[Image-text web data]
####################

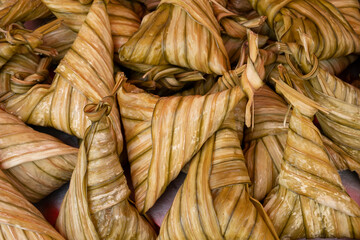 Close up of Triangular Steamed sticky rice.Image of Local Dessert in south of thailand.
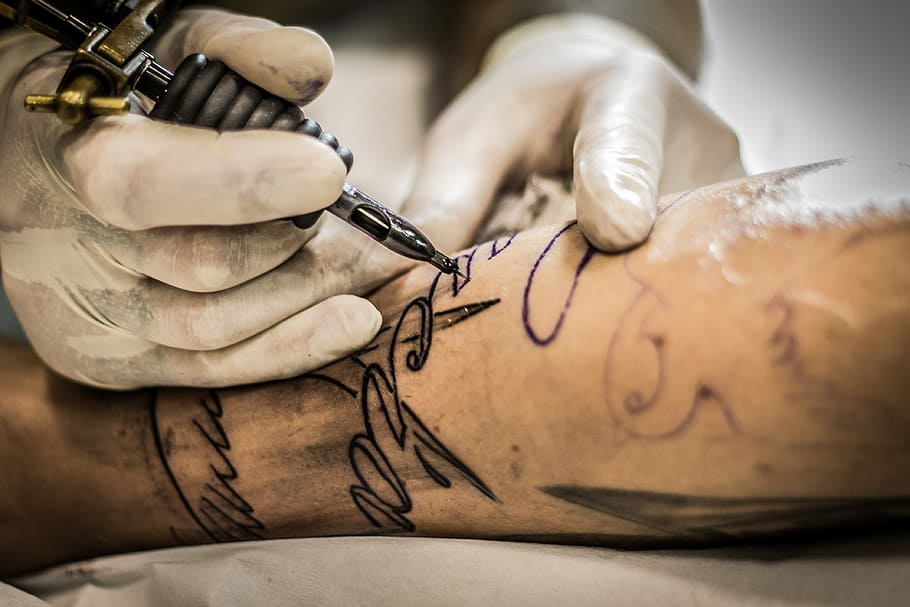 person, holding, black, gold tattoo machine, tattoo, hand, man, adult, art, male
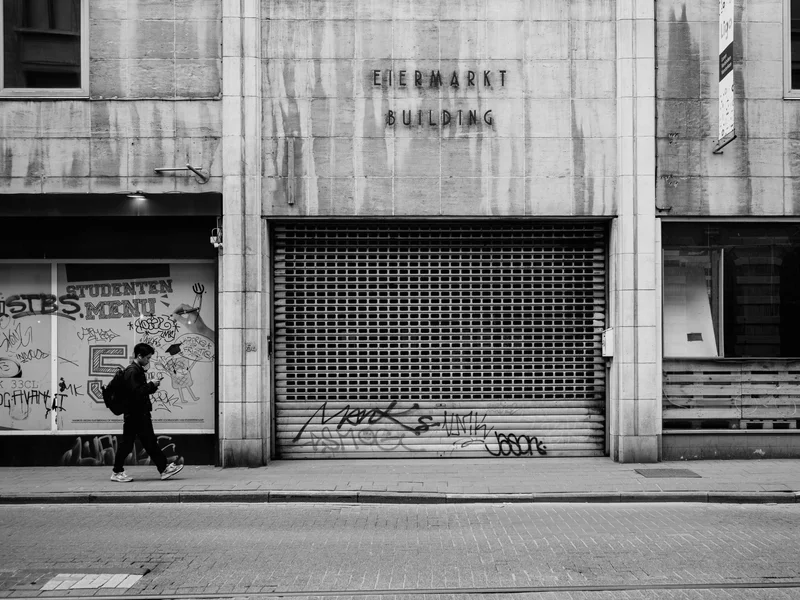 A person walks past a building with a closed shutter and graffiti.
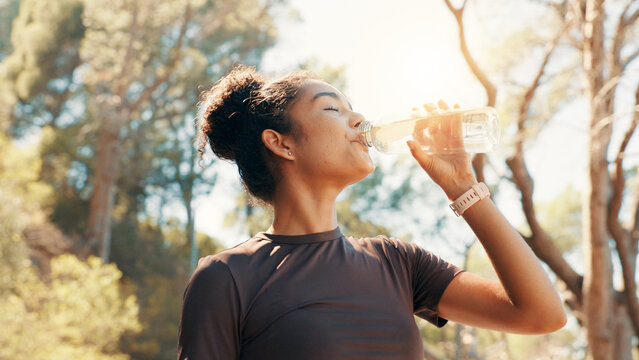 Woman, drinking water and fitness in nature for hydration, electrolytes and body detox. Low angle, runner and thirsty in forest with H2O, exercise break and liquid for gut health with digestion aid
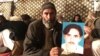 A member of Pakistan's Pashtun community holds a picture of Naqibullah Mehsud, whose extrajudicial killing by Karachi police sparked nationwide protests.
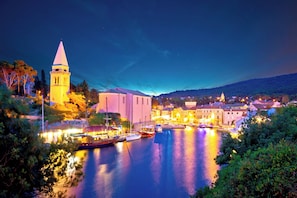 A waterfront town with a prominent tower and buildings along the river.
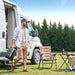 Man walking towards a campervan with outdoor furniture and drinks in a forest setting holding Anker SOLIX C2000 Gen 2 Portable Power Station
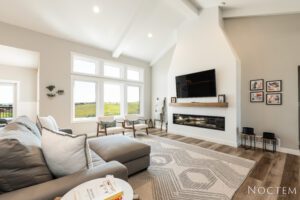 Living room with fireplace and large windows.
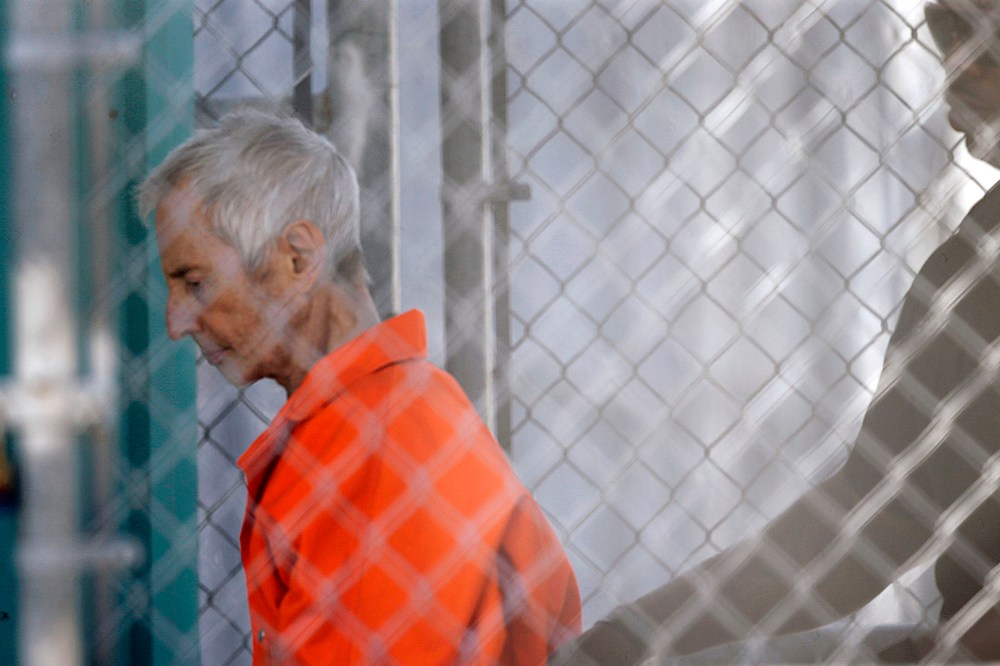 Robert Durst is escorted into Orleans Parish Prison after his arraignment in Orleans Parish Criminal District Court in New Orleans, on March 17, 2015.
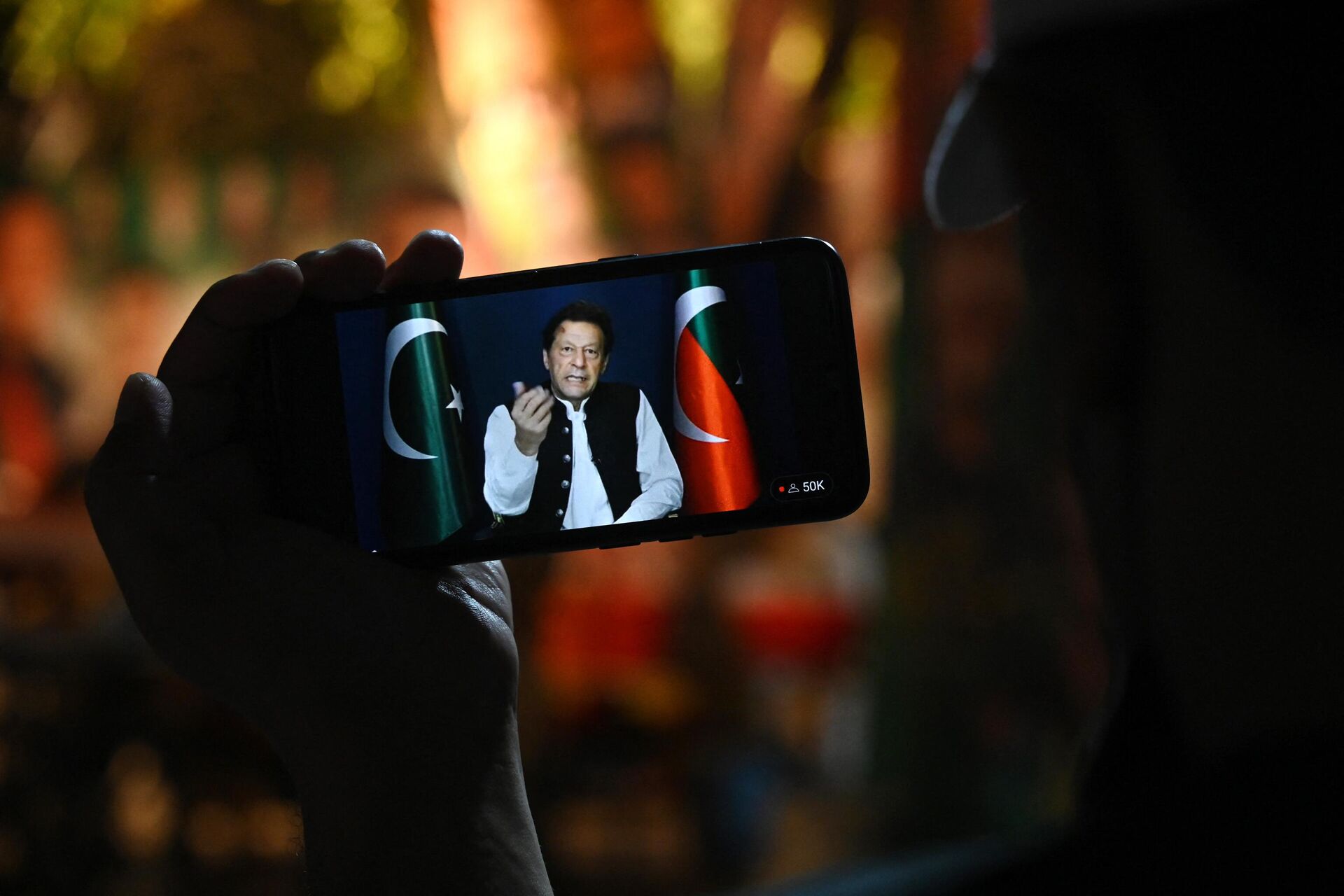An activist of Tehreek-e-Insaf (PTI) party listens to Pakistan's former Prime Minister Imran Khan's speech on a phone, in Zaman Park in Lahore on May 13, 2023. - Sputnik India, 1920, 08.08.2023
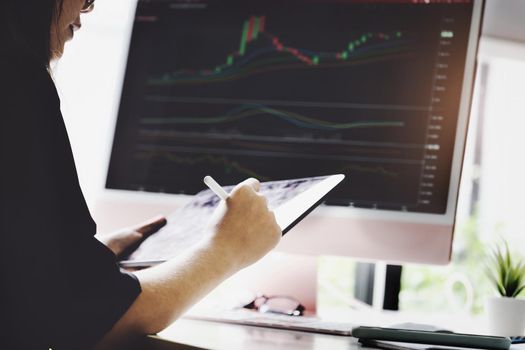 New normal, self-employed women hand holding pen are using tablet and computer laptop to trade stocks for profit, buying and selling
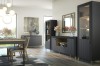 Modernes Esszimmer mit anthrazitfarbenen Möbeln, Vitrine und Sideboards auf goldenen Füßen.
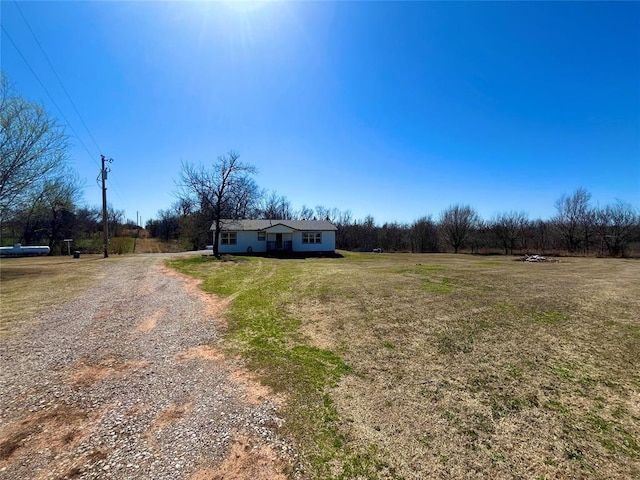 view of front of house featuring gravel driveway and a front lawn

####################

• **WHAT NEEDS TO BE DONE**
Send back every line above exactly, skipping all pictures.

• **YOUR SOLUTION**
 Close up of Triangular Steamed sticky rice.Image of Local Dessert in south of thailand.
 person, holding, black, gold tattoo machine, tattoo, hand, man, adult, art, male
 A person walks past a building with a closed shutter and graffiti.
 Woman, drinking water and fitness in nature for hydration, electrolytes and body detox. Low angle, runner and thirsty in forest with H2O, exercise break and liquid for gut health with digestion aid
 A member of Pakistan's Pashtun community holds a picture of Naqibullah Mehsud, whose extrajudicial killing by Karachi police sparked nationwide protests.
 A waterfront town with a prominent tower and buildings along the river.
 Man walking towards a campervan with outdoor furniture and drinks in a forest setting holding Anker SOLIX C2000 Gen 2 Portable Power Station
 Living room with fireplace and large windows.
 Robert Durst is escorted into Orleans Parish Prison after his arraignment in Orleans Parish Criminal District Court in New Orleans, on March 17, 2015.
An activist of Tehreek-e-Insaf (PTI) party listens to Pakistan's former Prime Minister Imran Khan's speech on a phone, in Zaman Park in Lahore on May 13, 2023. - Sputnik India, 1920, 08.08.2023
 New normal, self-employed women hand holding pen are using tablet and computer laptop to trade stocks for profit, buying and selling
 Modernes Esszimmer mit anthrazitfarbenen Möbeln, Vitrine und Sideboards auf goldenen Füßen.
 view of front of house featuring gravel driveway and a front lawn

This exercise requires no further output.